Nella vicenda Mailgate che vede implicata Hillary Clinton, sono stati accusati 38 funzionario, ma non vi è alcuna prova effettiva

38 funzionari sono stati accusati di aver violato la procedura di sicurezza nella vicenda denominata poi “Mailgate” sulle email private dell’allora segretario di stato Hillary Clinton. Tuttavia, ad ora, non ci sarebbero prove della deliberata gestione errata delle informazioni private.

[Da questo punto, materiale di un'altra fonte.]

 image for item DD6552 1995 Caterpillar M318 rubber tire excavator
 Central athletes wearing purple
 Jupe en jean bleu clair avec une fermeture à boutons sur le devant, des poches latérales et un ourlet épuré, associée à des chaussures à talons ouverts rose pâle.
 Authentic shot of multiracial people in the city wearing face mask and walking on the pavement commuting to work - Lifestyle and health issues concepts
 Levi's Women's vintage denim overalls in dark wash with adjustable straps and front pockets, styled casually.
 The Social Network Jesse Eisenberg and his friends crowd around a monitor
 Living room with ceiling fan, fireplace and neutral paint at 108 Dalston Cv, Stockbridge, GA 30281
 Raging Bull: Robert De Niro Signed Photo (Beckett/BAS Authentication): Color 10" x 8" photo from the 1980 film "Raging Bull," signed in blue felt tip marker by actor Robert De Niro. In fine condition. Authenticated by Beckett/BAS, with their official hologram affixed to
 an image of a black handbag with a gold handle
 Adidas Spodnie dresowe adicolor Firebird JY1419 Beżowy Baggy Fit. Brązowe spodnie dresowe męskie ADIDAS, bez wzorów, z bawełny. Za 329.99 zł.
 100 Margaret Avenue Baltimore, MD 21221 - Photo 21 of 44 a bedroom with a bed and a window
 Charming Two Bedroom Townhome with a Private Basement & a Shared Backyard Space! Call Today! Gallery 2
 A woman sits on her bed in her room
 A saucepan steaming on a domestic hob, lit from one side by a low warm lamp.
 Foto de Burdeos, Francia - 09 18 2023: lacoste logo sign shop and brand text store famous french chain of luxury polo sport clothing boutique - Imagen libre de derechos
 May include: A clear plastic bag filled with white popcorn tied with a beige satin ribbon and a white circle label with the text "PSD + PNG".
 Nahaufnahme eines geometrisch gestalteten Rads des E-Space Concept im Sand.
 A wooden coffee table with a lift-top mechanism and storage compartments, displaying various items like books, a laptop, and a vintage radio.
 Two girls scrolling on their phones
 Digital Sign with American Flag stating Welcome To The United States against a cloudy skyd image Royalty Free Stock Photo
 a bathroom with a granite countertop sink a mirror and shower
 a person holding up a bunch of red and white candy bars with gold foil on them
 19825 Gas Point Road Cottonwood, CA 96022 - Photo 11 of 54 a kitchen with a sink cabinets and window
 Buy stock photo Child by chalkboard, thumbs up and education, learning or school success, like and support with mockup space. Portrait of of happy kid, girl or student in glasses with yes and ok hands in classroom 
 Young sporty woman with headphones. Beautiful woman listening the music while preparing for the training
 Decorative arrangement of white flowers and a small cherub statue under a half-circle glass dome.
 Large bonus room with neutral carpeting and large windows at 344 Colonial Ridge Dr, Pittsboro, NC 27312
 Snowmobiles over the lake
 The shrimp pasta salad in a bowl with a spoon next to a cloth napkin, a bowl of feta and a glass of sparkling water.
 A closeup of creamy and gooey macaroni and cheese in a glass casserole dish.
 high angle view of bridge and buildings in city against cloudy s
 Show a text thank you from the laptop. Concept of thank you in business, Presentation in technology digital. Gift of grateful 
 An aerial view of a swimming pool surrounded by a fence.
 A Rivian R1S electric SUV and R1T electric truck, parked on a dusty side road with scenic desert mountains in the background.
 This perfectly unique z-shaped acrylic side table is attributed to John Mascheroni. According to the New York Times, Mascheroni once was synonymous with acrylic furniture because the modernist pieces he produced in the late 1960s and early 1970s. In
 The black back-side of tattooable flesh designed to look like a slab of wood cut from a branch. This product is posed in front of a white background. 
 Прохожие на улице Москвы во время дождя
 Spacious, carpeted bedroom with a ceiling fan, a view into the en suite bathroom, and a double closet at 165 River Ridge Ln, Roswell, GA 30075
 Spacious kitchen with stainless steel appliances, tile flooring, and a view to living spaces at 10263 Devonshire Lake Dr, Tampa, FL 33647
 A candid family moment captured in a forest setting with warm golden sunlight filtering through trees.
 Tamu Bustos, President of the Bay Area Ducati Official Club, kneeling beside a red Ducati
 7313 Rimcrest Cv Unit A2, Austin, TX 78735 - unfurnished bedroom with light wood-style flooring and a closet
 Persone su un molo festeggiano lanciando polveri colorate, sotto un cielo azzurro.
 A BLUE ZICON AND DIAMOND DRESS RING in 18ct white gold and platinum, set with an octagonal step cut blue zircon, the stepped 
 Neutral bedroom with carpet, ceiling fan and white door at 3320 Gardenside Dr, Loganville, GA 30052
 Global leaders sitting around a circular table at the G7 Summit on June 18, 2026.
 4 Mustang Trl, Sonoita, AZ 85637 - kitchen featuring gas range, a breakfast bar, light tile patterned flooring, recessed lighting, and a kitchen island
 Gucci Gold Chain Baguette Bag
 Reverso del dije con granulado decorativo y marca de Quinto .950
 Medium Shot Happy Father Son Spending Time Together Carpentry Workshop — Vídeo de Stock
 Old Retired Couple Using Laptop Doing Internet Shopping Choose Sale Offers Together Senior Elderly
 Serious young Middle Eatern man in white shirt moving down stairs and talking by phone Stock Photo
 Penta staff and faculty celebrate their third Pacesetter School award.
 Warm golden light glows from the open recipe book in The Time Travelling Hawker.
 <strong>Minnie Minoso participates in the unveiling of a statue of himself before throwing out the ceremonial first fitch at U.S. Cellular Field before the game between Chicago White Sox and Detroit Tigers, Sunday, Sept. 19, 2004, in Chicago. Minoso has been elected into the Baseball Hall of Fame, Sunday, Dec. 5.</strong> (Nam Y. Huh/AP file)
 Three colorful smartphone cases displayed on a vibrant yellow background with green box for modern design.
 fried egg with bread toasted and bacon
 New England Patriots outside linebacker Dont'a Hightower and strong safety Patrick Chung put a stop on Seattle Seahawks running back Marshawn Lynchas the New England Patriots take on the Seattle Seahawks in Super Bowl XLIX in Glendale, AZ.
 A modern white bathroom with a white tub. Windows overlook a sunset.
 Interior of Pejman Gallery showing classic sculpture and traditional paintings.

Il Mailgate di Hillary Clinton

La vicenda risale al 2016, quando durante la campagna per le presidenziali scoppiò lo scandalo riguardante l’uso delle mail private da parte di Hillary Clinton. Le indagini si sono protratte fino ad ora, e i risultati sono stati pubblicati proprio mentre Donald Trump ha ripreso i suoi attacchi contro l’avversaria. E proprio quando l’attuale Presidente Usa rischia l’impeachment per il Kievgate.

La Clinton aveva detto di aver usato la mail privata per praticità, anche se in violazione delle regole di sicurezza. Il tutto fu svelato durante l’inchiesta sull’attacco al consolato americano di Bengasi. L’indagine fu affidata all’Fbi, e nel luglio 2016 il direttore del Federal Bureau James Comey annunciò che la Clinton non sarebbe stata incriminata. Si stigmatizzò tuttavia la sua “negligenza”.

Le indagini

Il Congresso ha ricevuto il rapporto in ottobre, e da questo emerge che “non sono state trovate prove persuasive di sistematica o deliberata mala gestione di informazioni riservate”. In alcuni casi, le “informazioni classificate” sono state “trasmesse in maniera inappropriata” ma nella grande maggioranza dei casi i funzionari “erano consapevoli delle politiche di sicurezza e hanno fatto del loro meglio per rispettarle”. I nomi dei 38 funzionari non sono stati resi noti, e non è chiaro se e come verranno sanzionati. Ma secondo il Washington Post precisa che fra loro vi sono ambasciatori.